By JUSTIN POPE
AP Education Writer
It's the latest snapshot of
the growing burden of student debt and it's another discouraging one:
Two-thirds of the national college class of 2011 finished school with
loan debt, and those who borrowed walked off the graduation stage owing
on average $26,600 - up about 5 percent from the class before.
The latest figures are
calculated in a report out Thursday by the California-based Institute
for College Access and Success (TICAS) and likely underestimate the
problem in some ways because they don't include most graduates of
for-profit colleges, who typically borrow more than their counterparts
elsewhere.
Still, while 2011 college
graduates faced an unemployment rate of 8.8 percent in 2011, even those
with debt remained generally better off than those without a degree. The
report emphasized research showing that the economic returns on college
degrees remain, in general, strong. It noted the unemployment rate for
those with only a high school credential last year was 19.1 percent.
"In these tough times, a
college degree is still your best bet for getting a job and decent pay,"
said TICAS President Lauren Asher. "But, as debt levels rise, fear of
loans can prevent students from getting the education they need to
succeed. Students and parents need to know that, even at similar looking
schools, debt levels can be wildly different. And, if they do need to
borrow to get through school, federal student loans, with options like
income-based repayment, are the safest way to go."

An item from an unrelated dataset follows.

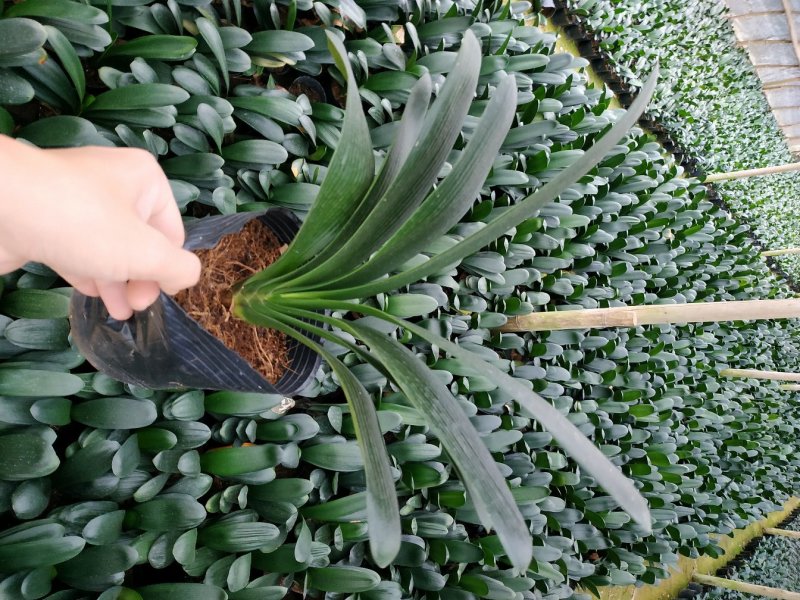 君子兰特价苗种植户直销一手货源货量充足运费便宜视频看苗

The latest figures come at a
time of increasing alarm about the sheer scope of student debt
nationally, which by some measures has surpassed $1 trillion. Recent
government figures show nearly 10 percent of borrowers of federal
student loans in the most recently measured cohort had already defaulted
within two years of starting repayment.
The issue has come up on
the presidential campaign trail, though the candidates' specific plans
haven't become a major issue. President Barack Obama has touted his
record of ending $60 billion in subsidies to private lenders, directing
the savings to student aid and implementing an income-based repayment
plan that caps federal student loan payments at 15 percent of income and
forgives repayment after 25 years.
Former Massachusetts Gov.
Mitt Romney, his Republican challenger, argues the flood of federal
student aid spending unleashed in recent years has led colleges to raise
tuition prices. He wants to return to a system in which the government
supports private lenders, arguing it's more cost-effective, and his
campaign has called the income-based repayment program flawed.
In Tuesday night's second
presidential debate, Romney repeated an assertion he'd made previously
that "50 percent of kids coming out of college (are) not able to get
work." That is not accurate, though twice earlier in the debate he made
an important qualification, indicating he was referring to graduates who
couldn't get "college-level jobs." Figures analyzed by Northeastern
University's Center for Labor Market studies last spring did find 53.6
percent of bachelor's degree holders under age 25 were either unemployed
or working in positions that don't fully use their skills or knowledge.
The latest TICAS report
also cites studies that found more than one-third of recent graduates
were in positions that did not require a degree, depressing wages,
though other government figures cited by Georgetown University's Center
on Education and the Workforce put the so-called "underemployment" rate
for young college grads much lower - at around 10 percent.
As for those who have no
job at all, according to Georgetown the latest monthly unemployment
figure for college graduates under age 24 is 10.5 percent (the figure
typically jumps each spring as a new class graduates and declines over
the course of the year; last March it was 5.4 percent).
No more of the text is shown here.